Posted by seumasach on October 14, 2012

Lizzie Phelan

11th October, 2012

Whether or not you are or were “pro” or “anti”-Gaddafi should not have prevented anyone from asking the obvious questions. And there are some Libyans I know who would describe themselves as “anti-Gaddafi” before the crisis, but when they asked themselves this question and thought about it rigorously, it lead them to the conclusion that despite them not liking Gaddafi, he was the best thing for Libya.

And the question is: What would replace the government lead by Gaddafi?

The whole nature of the discourse on Libya has been clouded by decades of information manipulation, whereby Libya has overwhelmingly only been spoken about externally when Gaddafi is the subject (in a context whereby he is always criminalised).

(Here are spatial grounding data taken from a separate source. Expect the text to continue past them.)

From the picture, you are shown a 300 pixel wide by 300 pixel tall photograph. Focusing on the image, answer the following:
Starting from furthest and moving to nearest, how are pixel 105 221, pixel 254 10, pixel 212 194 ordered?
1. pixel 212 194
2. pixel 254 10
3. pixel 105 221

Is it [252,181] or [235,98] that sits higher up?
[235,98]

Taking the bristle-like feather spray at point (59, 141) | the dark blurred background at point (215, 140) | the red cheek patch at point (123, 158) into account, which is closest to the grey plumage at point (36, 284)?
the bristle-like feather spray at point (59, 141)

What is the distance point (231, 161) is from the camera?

As such the whole of Libyan society has come to be personified by this criminalised man, a society which is made up of people who are either with him or against him, as though there was no variance of analysis amongst the Libyan people about their country, its history and its direction. This has lead to the nuances in Libyan society being totally ignored let alone understood.

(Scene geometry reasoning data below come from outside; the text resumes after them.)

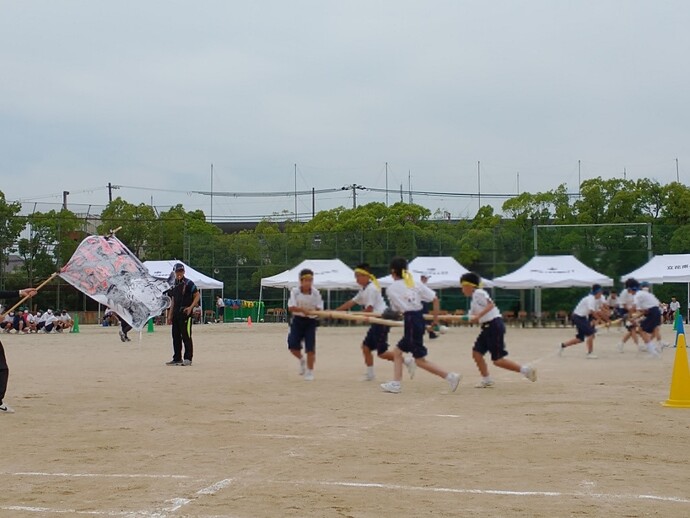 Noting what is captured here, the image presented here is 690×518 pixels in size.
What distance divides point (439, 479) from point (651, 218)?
58003mm

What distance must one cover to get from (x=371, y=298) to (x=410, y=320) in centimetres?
251

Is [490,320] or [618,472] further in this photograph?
[490,320]

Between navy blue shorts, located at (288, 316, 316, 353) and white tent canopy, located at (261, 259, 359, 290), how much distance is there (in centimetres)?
2287

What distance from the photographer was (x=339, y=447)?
27.3 ft

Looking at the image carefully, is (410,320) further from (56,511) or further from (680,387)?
(56,511)

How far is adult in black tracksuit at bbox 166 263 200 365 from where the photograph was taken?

Two of those nuances are the tribal construction of the society and the regional (African, Arab and to a lesser extent Mediterranean/Ottoman) religious and political dynamics that influence that society.

The tribal construction of the society is largely ignored/dismissed because it has equally been criminalised as something that was a phenomenon exacerbated by Gaddafi, rather than a phenomenon that predated Gaddafi by centuries and that only faced serious tensions as a result of the arbitrary borders drawn up by European powers.

The western [dis]information system has claimed that the former Libyan government played tribes off of one another to consolidate its power. It is indeed a profound tragedy that it took the destruction of a country to get rid of Gaddafi that now we can see the reality. And the reality is that for those 42 years there was a government lead by PEOPLE from several tribes that had a deep understanding of the dynamics between the approx 150 tribes in Libya. It goes beyond logical reasoning to suggest that the peace was maintained purely through repression and playing tribes off one another when for example, the largest tribe in Libya (Werfalla), which numbers more than one million (in a population of approx 6 million) never attempted any serious revolt against the former government in 42 years. It is clear that if they would have they would have posed a serious threat and of course we know that the Werfalla was firmly allied with the former government during the NATO bombing campaign and continues to refuse to submit to either the “government’s” or any other militia’s control.

One of the clearest example of how the former Libyan government managed potential tribal tensions (as opposed to played them off against each other in a way that was in the interests of just Gaddafi’s tribe) was in Misrata, which according to some Libyan accounts historically some sections have had their own separatist agenda (perhaps because they did not identify with the Libyan nation whose borders were created by the colonialists, or because of other factions Ottoman descent…ie. its a complicated and overlooked history!) which of course would threaten the unity of Libya and likely play into the hands of former colonial powers who had shown an inclination to prefer a divided Libya.

As such, Misrata was invested in heavily by the former government, boasting one of the region’s most important steel factories, a port which was as important as the capital Tripoli’s, and a free-trade zone. The city was one of the country’s most prosperous and some of the richest Libyans came from there. But without the former Libyan government ensuring that they have a vested interest in maintaining Libya as a whole they are just one faction that has reverted to be out for itself(I am generalising because there are many in Misrata who are against what some militias are doing in their name).

So back to the original question: What would replace Gaddafi?

To answer it you would have to address how what replaces the former Libyan government would deal equally as well or better with the plethora of interests of different tribes, interests which have been shaped in the modern era by colonial borders, and equally what kind of relationship that replacement government would have with religious/political factions that have a vision beyond Libya. Clearly it is not in the remit of western style “democracy” to accommodate this context.

None of these questions were seriously asked by the people who said “the people will take over”,from the NATO elite to the eurocentric left/liberals.

But the answer can be seen in today’s Libya.